*GOAL OF THE EXERCISE:* Among the lines below, output only those between the line holding "Wilson's Warbler - ML641642062" and the line holding "26012 W Chatham", inclusive, exactly as written and with no pictures.

*DATA EXTRACT:*
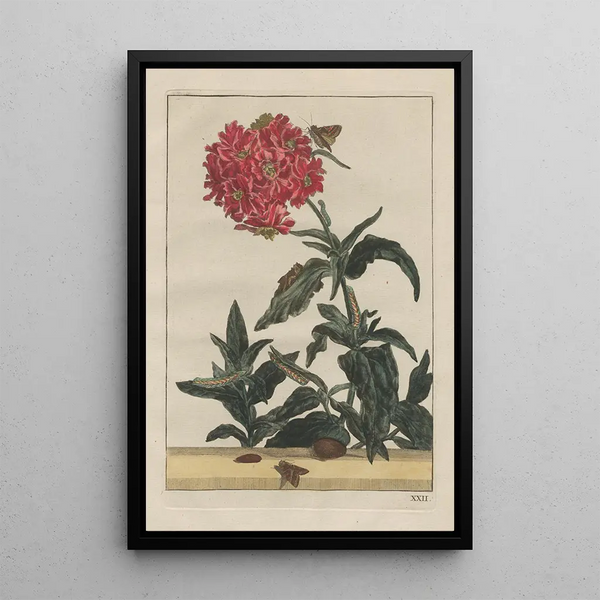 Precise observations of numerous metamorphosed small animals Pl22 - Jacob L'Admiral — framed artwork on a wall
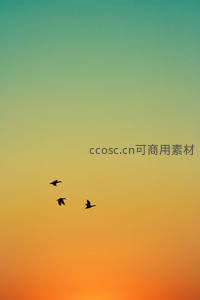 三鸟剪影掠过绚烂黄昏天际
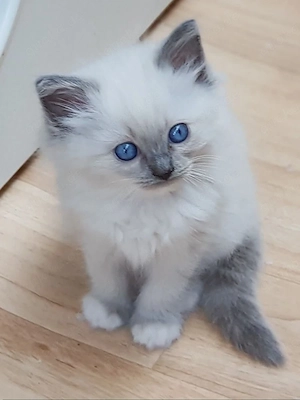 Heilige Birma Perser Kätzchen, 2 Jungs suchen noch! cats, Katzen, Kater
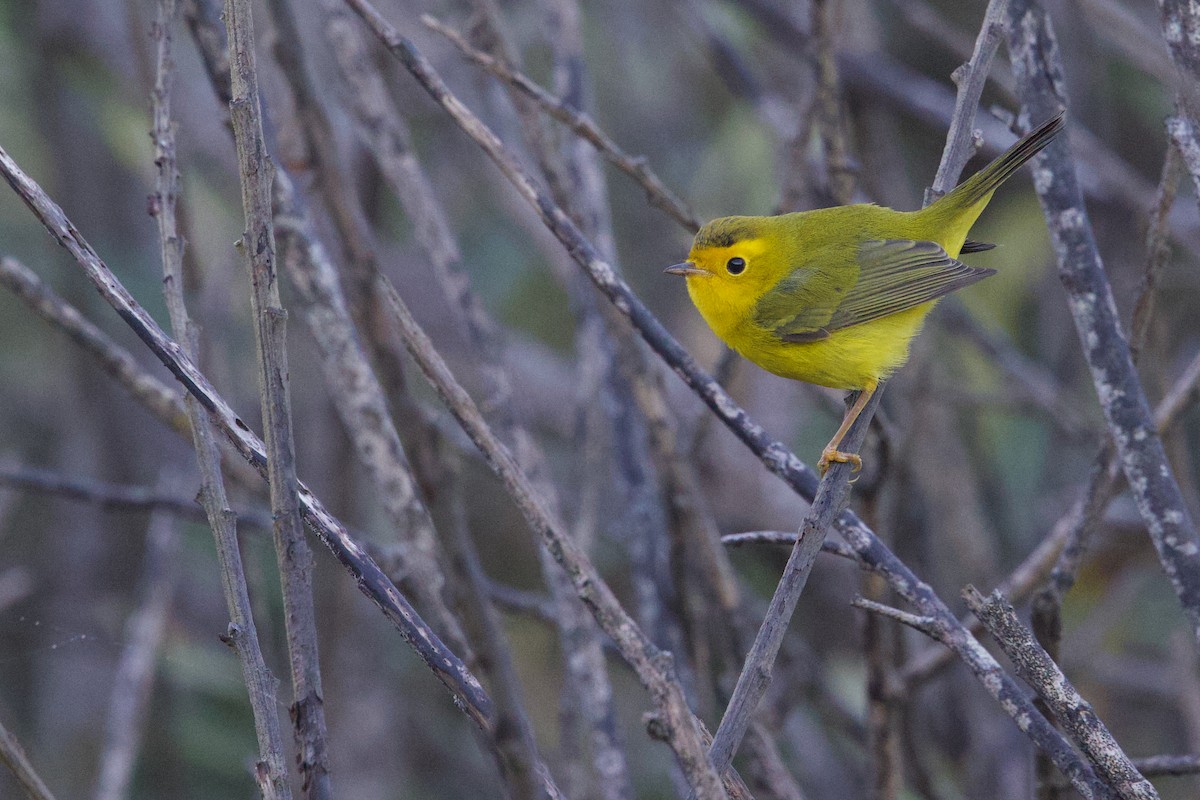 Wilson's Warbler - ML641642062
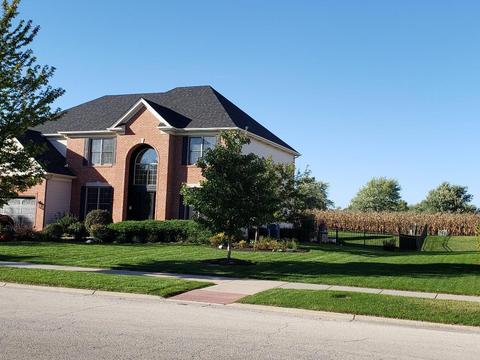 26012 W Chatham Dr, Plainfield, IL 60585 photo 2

==

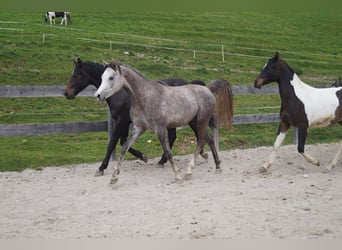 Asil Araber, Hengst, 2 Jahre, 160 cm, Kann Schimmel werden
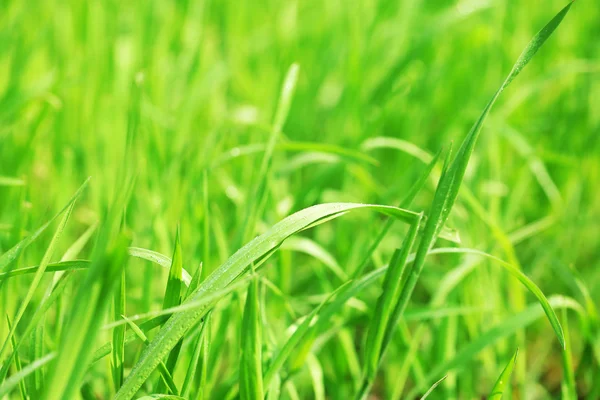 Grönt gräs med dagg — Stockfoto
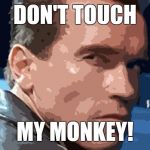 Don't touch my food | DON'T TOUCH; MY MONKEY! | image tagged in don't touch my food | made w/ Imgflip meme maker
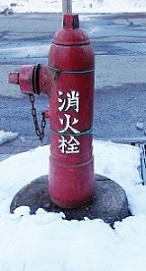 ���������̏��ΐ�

*RESULT OF THE EXERCISE:*
 Wilson's Warbler - ML641642062
 26012 W Chatham Dr, Plainfield, IL 60585 photo 2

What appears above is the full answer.